**Dataset entries**
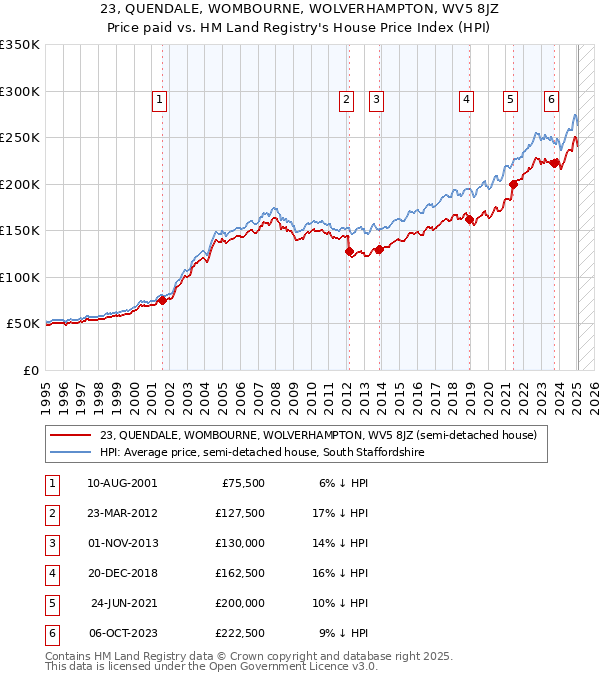 23, QUENDALE, WOMBOURNE, WOLVERHAMPTON, WV5 8JZ: Price paid vs HM Land Registry's House Price Index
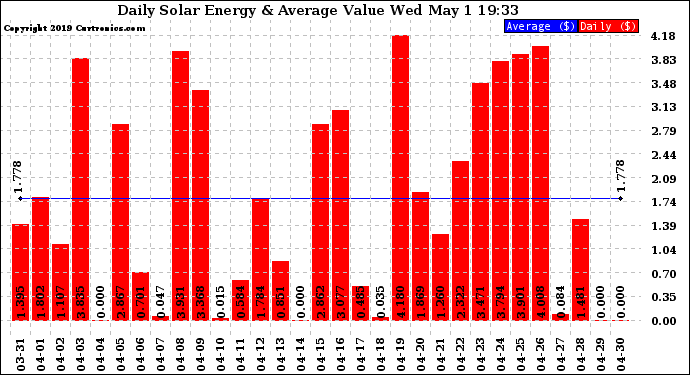 Solar PV/Inverter Performance Daily Solar Energy Production Value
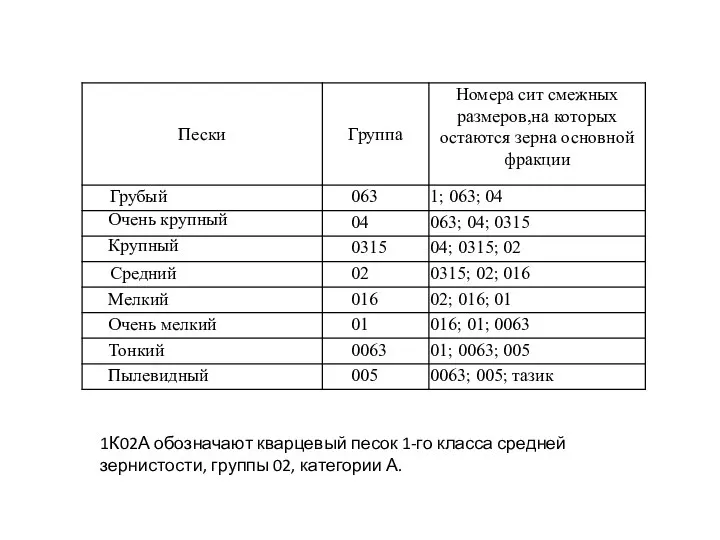 1К02А обозначают кварцевый песок 1-го класса средней зернистости, группы 02, категории А.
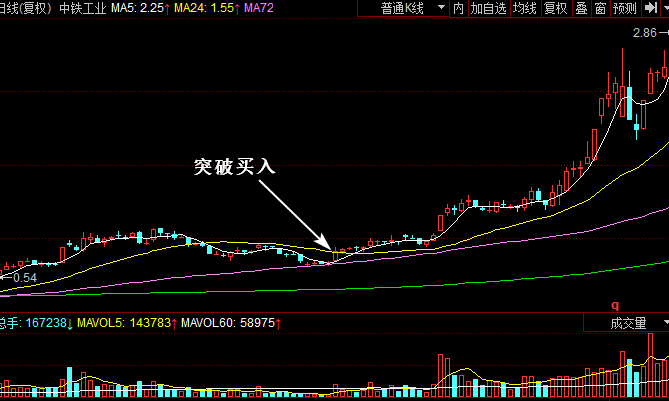 翻倍黑马图解教程 第九节：高位出现“避雷针”立即卖出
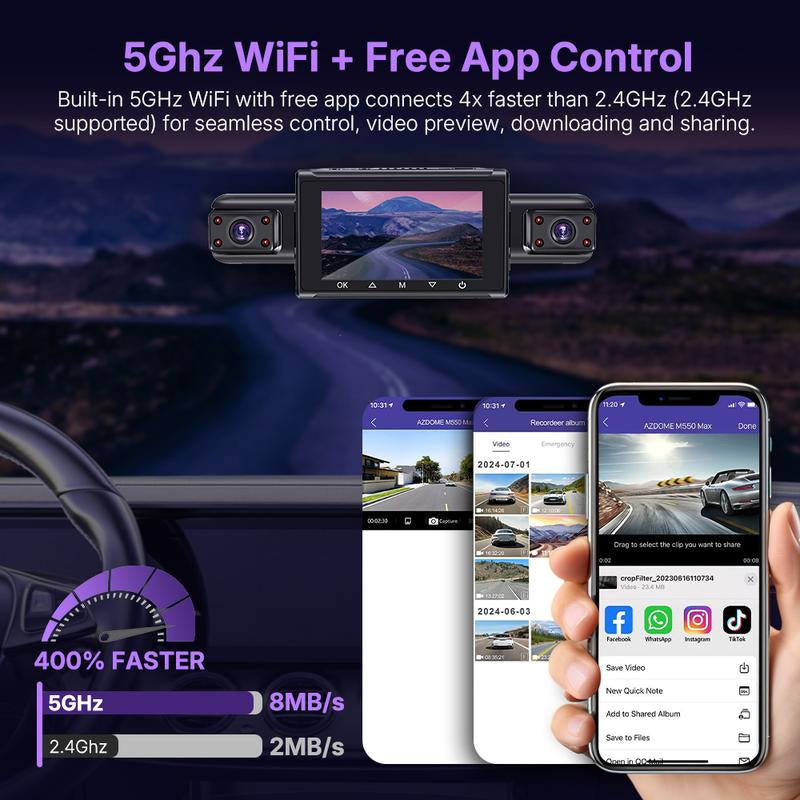360 Degree View 4 Channel 3" WIFI Dash Cam Front and Rear inside Left Right, Dash Camera with Gravity Sensor 64G Card, Night Vision Vehicle Automotive Outdoorfun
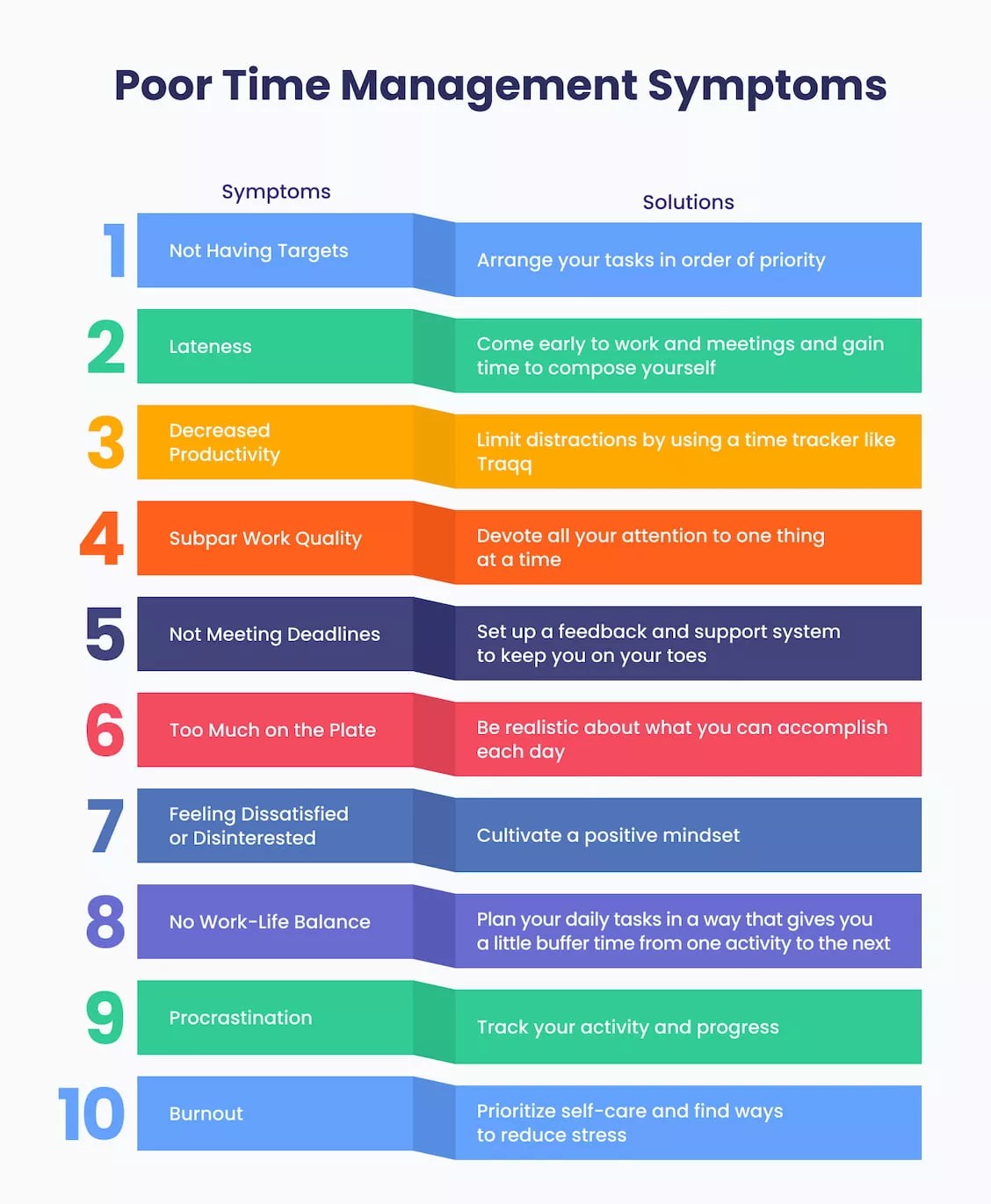 The Ultimate Guide on Time Management Traqq Blog
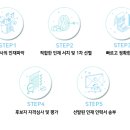 (주)더라이징스타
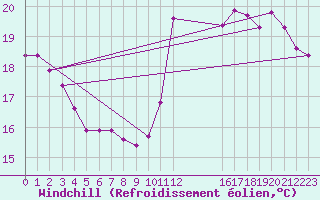 Courbe du refroidissement olien pour Cabestany (66)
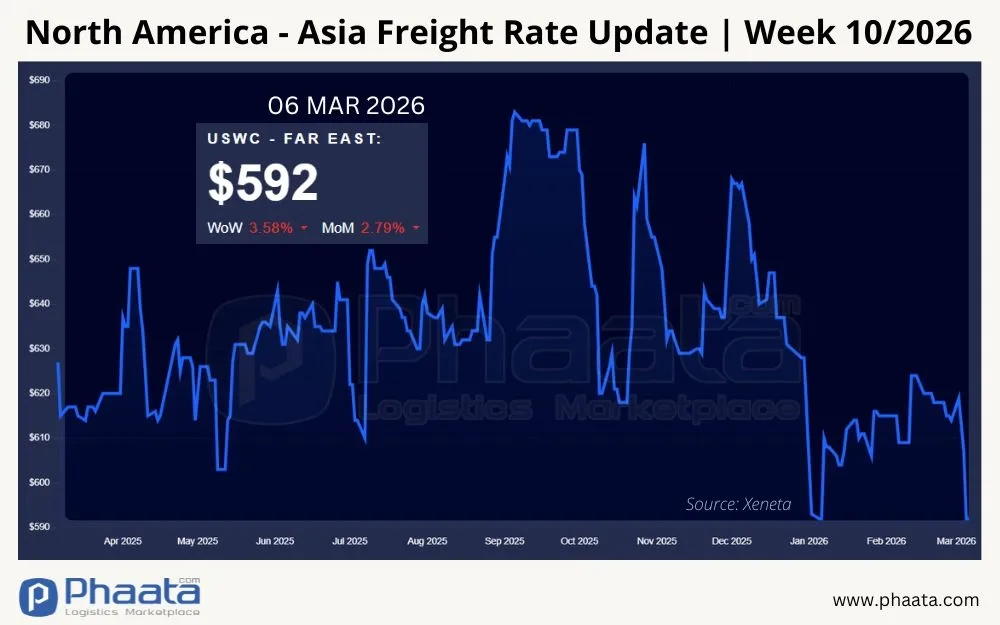 North America (West Coast) - Asia freight rates | Week 10/2026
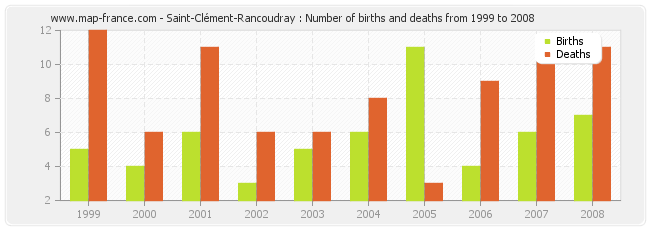 Saint-Clément-Rancoudray : Number of births and deaths from 1999 to 2008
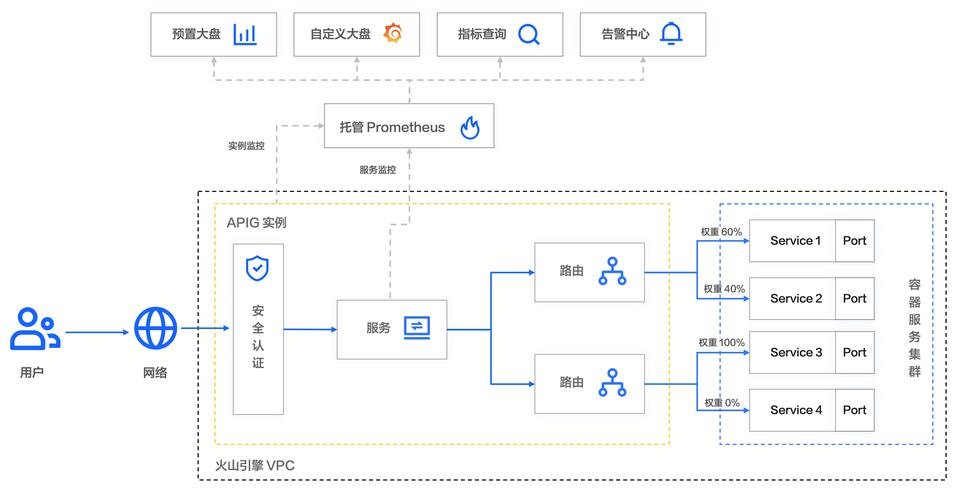 如何部署并配置APISIX作为API网关？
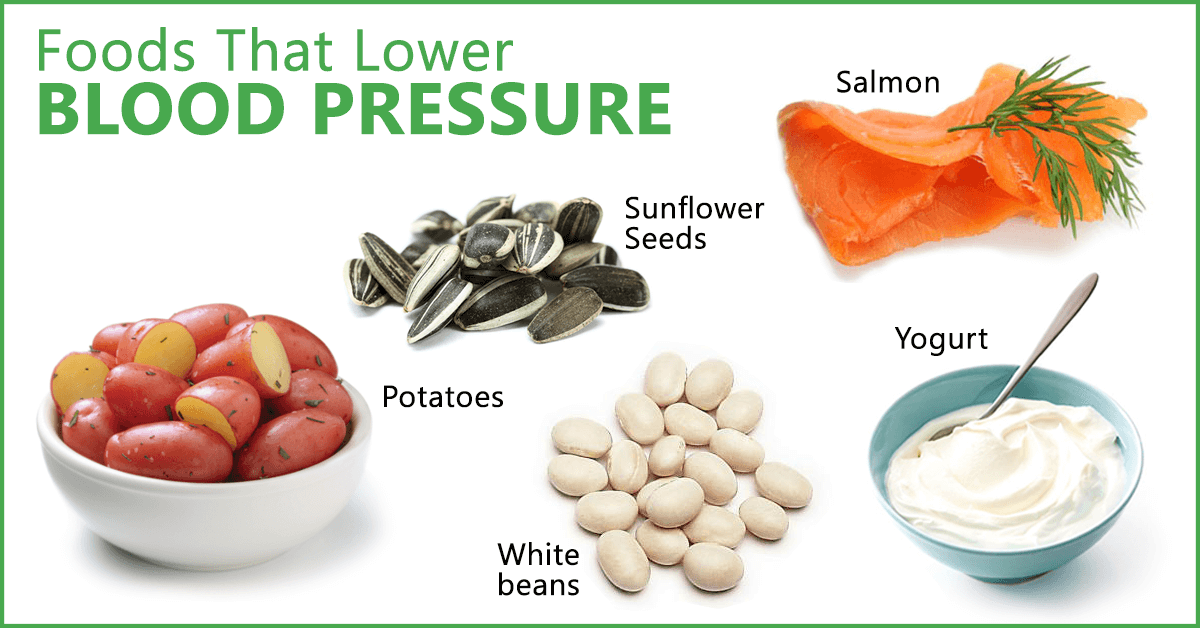 10 Foods That Lower High Blood Pressure â¢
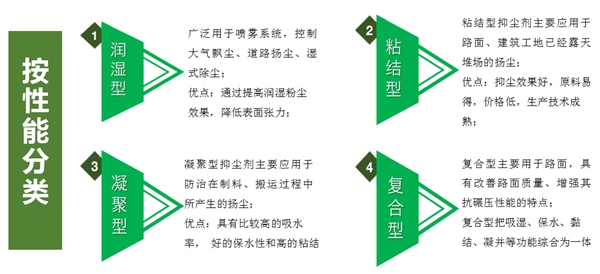 理論機理 按性能分類(lèi)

**Task item**
Your answer must contain the full data, repeated exactly, without pictures.

**Solution for this problem**
 23, QUENDALE, WOMBOURNE, WOLVERHAMPTON, WV5 8JZ: Price paid vs HM Land Registry's House Price Index
 Solar PV/Inverter Performance Daily Solar Energy Production Value
 1К02А обозначают кварцевый песок 1-го класса средней зернистости, группы 02, категории А.
 翻倍黑马图解教程 第九节：高位出现“避雷针”立即卖出
360 Degree View 4 Channel 3" WIFI Dash Cam Front and Rear inside Left Right, Dash Camera with Gravity Sensor 64G Card, Night Vision Vehicle Automotive Outdoorfun
 The Ultimate Guide on Time Management Traqq Blog
 (주)더라이징스타
 Courbe du refroidissement olien pour Cabestany (66)
 North America (West Coast) - Asia freight rates | Week 10/2026
 Saint-Clément-Rancoudray : Number of births and deaths from 1999 to 2008
 如何部署并配置APISIX作为API网关？
 10 Foods That Lower High Blood Pressure â¢
 理論機理 按性能分類(lèi)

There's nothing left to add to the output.